The Azure connection module is generic. It takes a remote peer’s public IP, BGP ASN, APIPA address, and custom BGP addresses, then creates the Azure-side connection. It’s used once per tunnel, regardless of whether the remote peer is AWS, an office firewall, or another cloud.

The Azure VPN Gateway

The gateway is always provisioned with active-active and two public IPs:

resource "azurerm_subnet" "gateway" {
name = "GatewaySubnet" # Azure requires this exact name
resource_group_name = var.vnet_resource_group_name
virtual_network_name = var.vnet_name
address_prefixes = [var.gateway_subnet_prefix] # minimum /27
}

resource "azurerm_public_ip" "pip1" {
name = "${var.base_resource_name_h}-vpngw-pip-1"
location = var.location
resource_group_name = var.resource_group_name
allocation_method = "Static"
sku = "Standard"
}

resource "azurerm_public_ip" "pip2" {
name = "${var.base_resource_name_h}-vpngw-pip-2"
location = var.location
resource_group_name = var.resource_group_name
allocation_method = "Static"
sku = "Standard"
}

resource "azurerm_virtual_network_gateway" "this" {
name = "${var.base_resource_name_h}-vpngw"
location = var.location
resource_group_name = var.resource_group_name
type = "Vpn"
vpn_type = "RouteBased"
sku = "VpnGw1"
active_active = true
bgp_enabled = true

bgp_settings {
asn = 65515

peering_addresses {
ip_configuration_name = "vpn-ip-config-1"
apipa_addresses = var.azure_apipa_addresses_1 # instance 0 APIPA addresses
}

peering_addresses {
ip_configuration_name = "vpn-ip-config-2"
apipa_addresses = var.azure_apipa_addresses_2 # instance 1 APIPA addresses
}
}

ip_configuration {
name = "vpn-ip-config-1"
public_ip_address_id = azurerm_public_ip.pip1.id
private_ip_address_allocation = "Dynamic"
subnet_id = azurerm_subnet.gateway.id
}

ip_configuration {
name = "vpn-ip-config-2"
public_ip_address_id = azurerm_public_ip.pip2.id
private_ip_address_allocation = "Dynamic"
subnet_id = azurerm_subnet.gateway.id
}
}

Each ip_configuration maps to a gateway instance. Each instance gets its own APIPA addresses. Note: this resource takes 30-45 minutes to provision.

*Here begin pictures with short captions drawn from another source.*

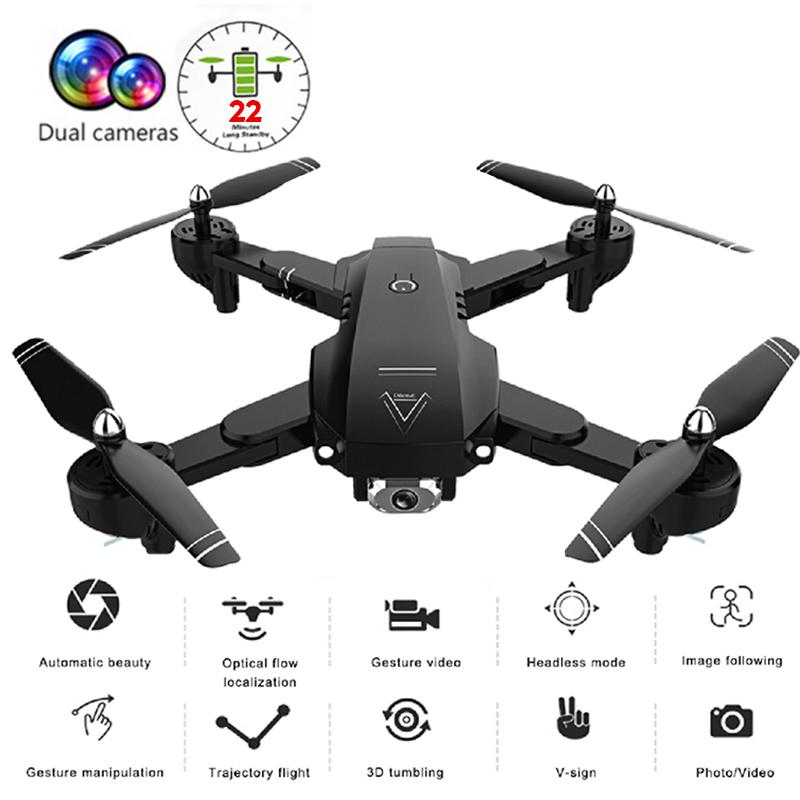 

Foldable Drone With 720P/1080P HD Camera RC Helicopters Wifi FPV Quadrocopter High Hold Headless Mode Kid's Toy Drones
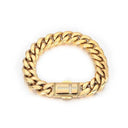 Men Women Cubanc Chain Gold Bracelet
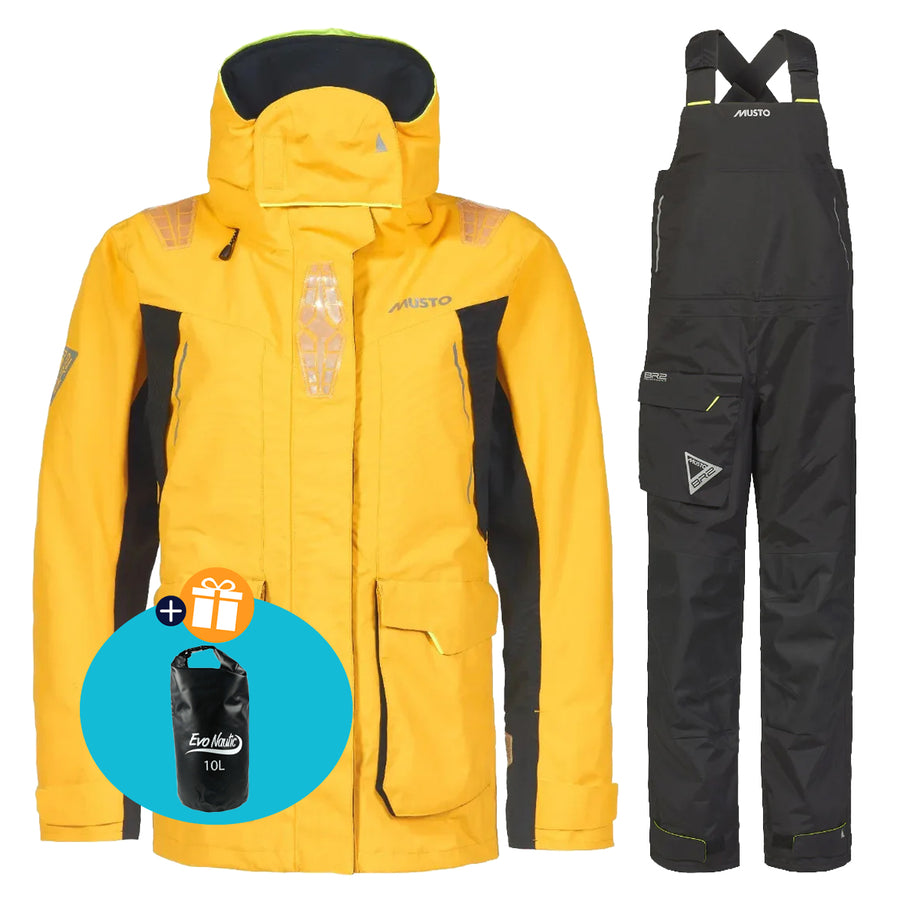 Musto Zeilpak Dames BR2 Offshore 2.0 Geel/Zwart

The APIPA addresses are derived from the AWS tunnel CIDRs using cidrhost:

locals {
azure_apipa_instance_0 = [for cidr in var.aws_tunnel_inside_cidrs[0] : cidrhost(cidr, 2)]
azure_apipa_instance_1 = [for cidr in var.aws_tunnel_inside_cidrs[1] : cidrhost(cidr, 2)]
}

cidrhost(cidr, 2) picks host 2 from each /30 — the Azure side of the tunnel.

The AWS Side

The existing VGW is looked up via a data source. We create two Customer Gateways (one per Azure public IP) and two VPN Connections:

data "aws_vpn_gateway" "this" {
id = var.aws_vgw_id
}

resource "aws_customer_gateway" "instance_0" {
bgp_asn = var.azure_bgp_asn # 65515
ip_address = var.azure_gateway_public_ip_1 # Azure PIP 1
type = "ipsec.1"
}

resource "aws_customer_gateway" "instance_1" {
bgp_asn = var.azure_bgp_asn # 65515
ip_address = var.azure_gateway_public_ip_2 # Azure PIP 2
type = "ipsec.1"
}

resource "aws_vpn_connection" "instance_0" {
vpn_gateway_id = data.aws_vpn_gateway.this.id
customer_gateway_id = aws_customer_gateway.instance_0.id
type = "ipsec.1"

tunnel1_inside_cidr = var.tunnel_inside_cidrs_instance_0[0] # 169.254.21.0/30
tunnel2_inside_cidr = var.tunnel_inside_cidrs_instance_0[1] # 169.254.22.0/30
}

resource "aws_vpn_connection" "instance_1" {
vpn_gateway_id = data.aws_vpn_gateway.this.id
customer_gateway_id = aws_customer_gateway.instance_1.id
type = "ipsec.1"

tunnel1_inside_cidr = var.tunnel_inside_cidrs_instance_1[0] # 169.254.21.4/30
tunnel2_inside_cidr = var.tunnel_inside_cidrs_instance_1[1] # 169.254.22.4/30
}

We specify the inside CIDRs explicitly so they match the APIPA addresses already configured on the Azure gateway. If you omit them, AWS auto-assigns random /30s and you’d have to update Azure to match.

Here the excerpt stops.